Replying to Avatar Pip the WoT guy

A better approach imo is what it's described in this paper http://snap.stanford.edu/class/cs224w-readings/bahmani10pagerank.pdf

The tradeoff is that the values are approximated, but the big advantage is speed. Instead of 14s, recomputing pagerank takes roughly half a second.

And similar for personalized Pagerank.

Interesting. Worth looking into. I don’t see fast PageRank in the neo4j library but maybe it’s just hidden. And we’d have to examine it closely and ask whether the fast algo is more susceptible to being gamed by bad actors.

And a third option: instead of calculating standard PageRank from scratch each time, use previous PageRank scores and iterate from there with updated data.

Reply to this note

Please Login to reply.

Discussion

I already tried the third option with the python library networkx standard implementation of pagerank, and the speed difference was almost zero.

Not available for neo4j, it is available in memgraph, buuuut I checked the algo and it's horribly implemented. It returns wrong results (I've opened an issue on their gh and talked to the their team, they confirmed it's wrong).

I’m glad you’re taking a look at memgraph - I know it exists but I’ve never tried it out.

Have you tried any other foss centrality algo libraries?

My current plan is to expose an API that will provide a variety of WoT scores: DoS (number of hops), personalized PageRank, GrapeRank, etc. Then clients can access the APU and use different scores for different purposes.

The API can provide scores that are “global” or personalized, with personalized being more cypherpunk. Results can be scores of one pubkey at a time or can provide scores for a batch of pubkeys. Example: the top 100 pubkeys by GrapeRank score, not including pubkeys you’re already following, which could define a feed that you’d use when you’re bored with your existing feed. And if you get bored with that, maybe switch to the next 100 on the list, and so on.

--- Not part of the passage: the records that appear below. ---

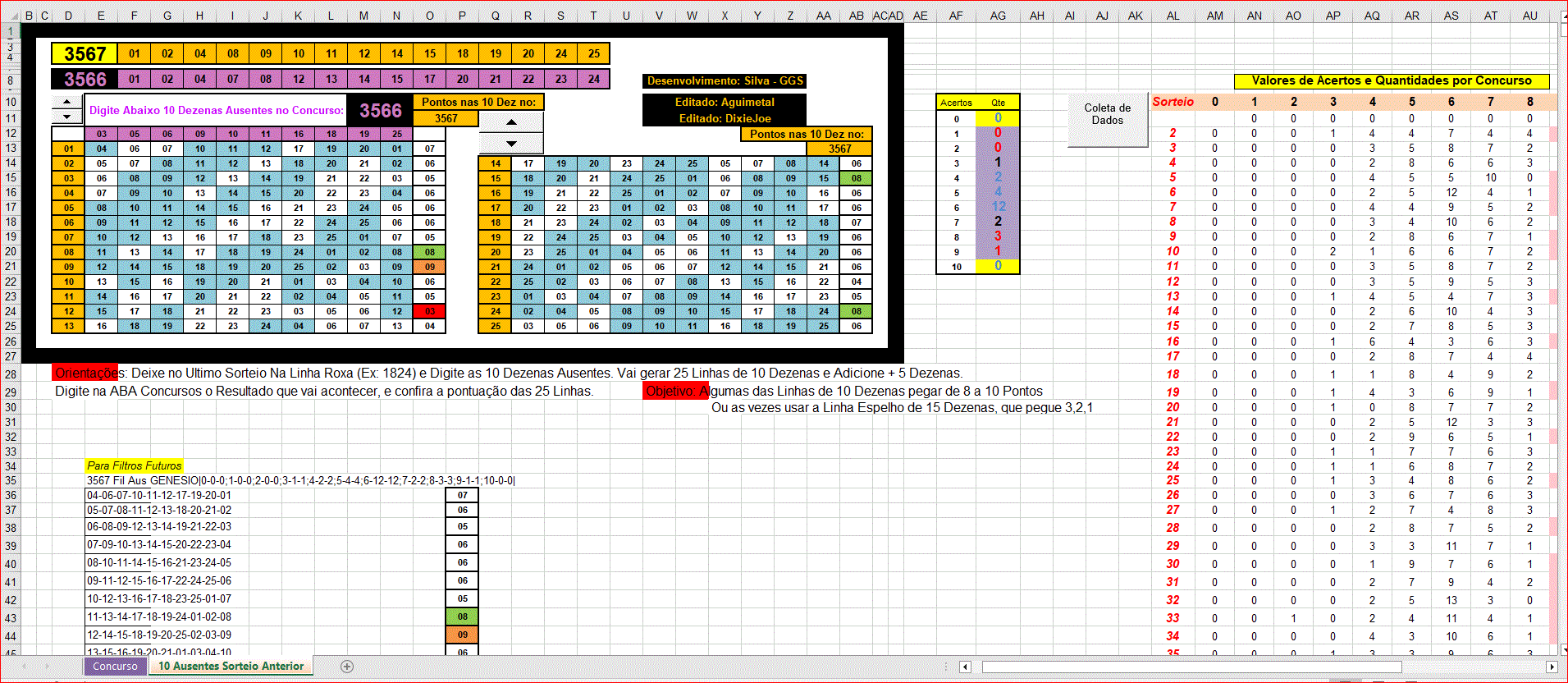 More information about ""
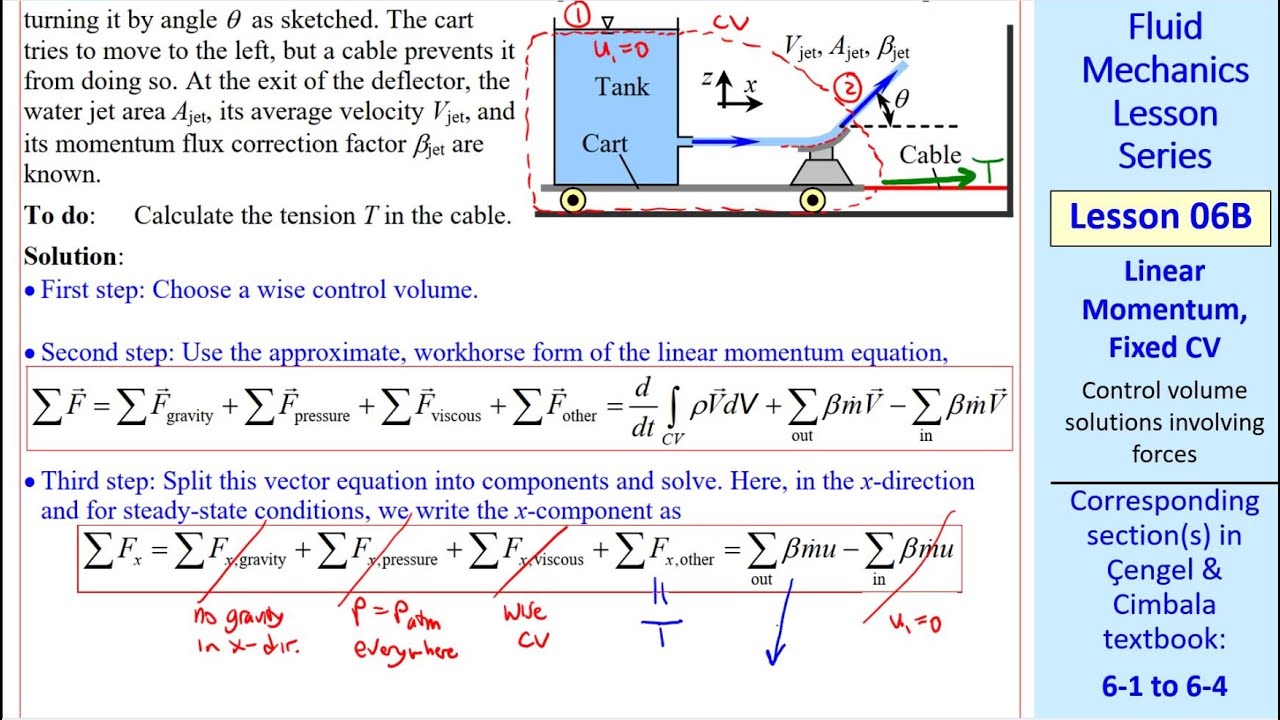 Fluid Mechanics Lesson 06B: Linear Momentum, Fixed CV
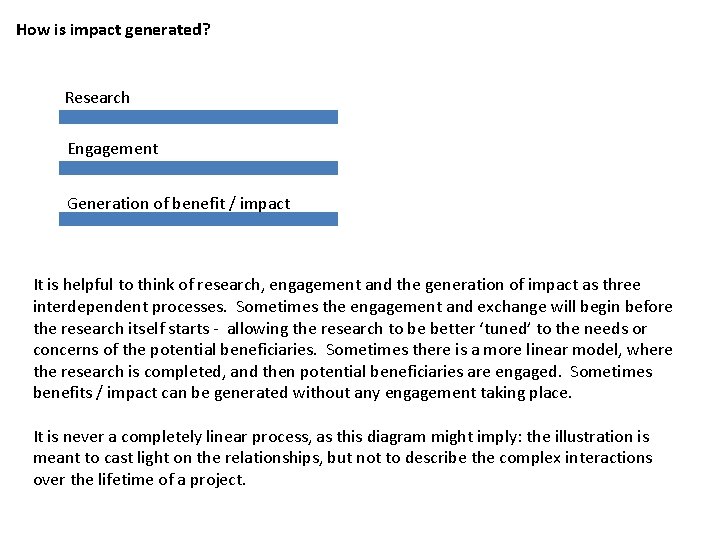 How is impact generated? Research Engagement Generation of benefit / impact It is helpful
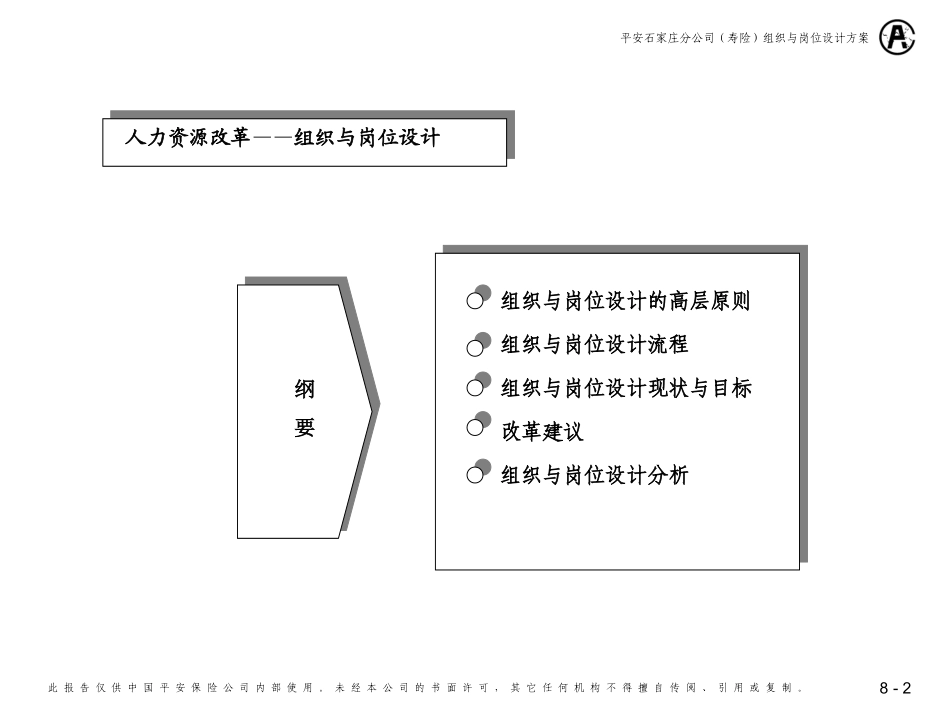 平安保险-组织与岗位设计方案（含实例）(1).ppt_第2页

Just networkx. I am building my own algos rn, because the algo in that paper requires to store a bunch of random walks in the DB and keep them updated at all times.

your algos on GitHub?

It should be less susceptible to manipulations than recomputing with high precision every hour.

In that hour a popular npub can get hacked and start making damage.

So in that hour the pagerank distribution can change a lot. With the online version you have a bounded error, no worse than that.

Interesting. You’re imagining that a hacked high profile account could follow an army of bots and elevate their PageRank scores, and this would be especially bad if PageRank scores are updated frequently or continuously. Seems to me there are a variety of strategies we could use to mitigate that scenario. For simplicity, perhaps we should just deal with that problem when it happens. So I’m thinking: start out with whatever is the simplest, quickest and easiest (for devs) method that works, see what benefit it brings, and see what problems come up. For me, that would be vanilla PageRank using neo4j with the graph data science plugin because:

- PageRank is the most well known centralized algo

- neo4j and the relevant plugin is FOSS

- the existing codebase works out of the box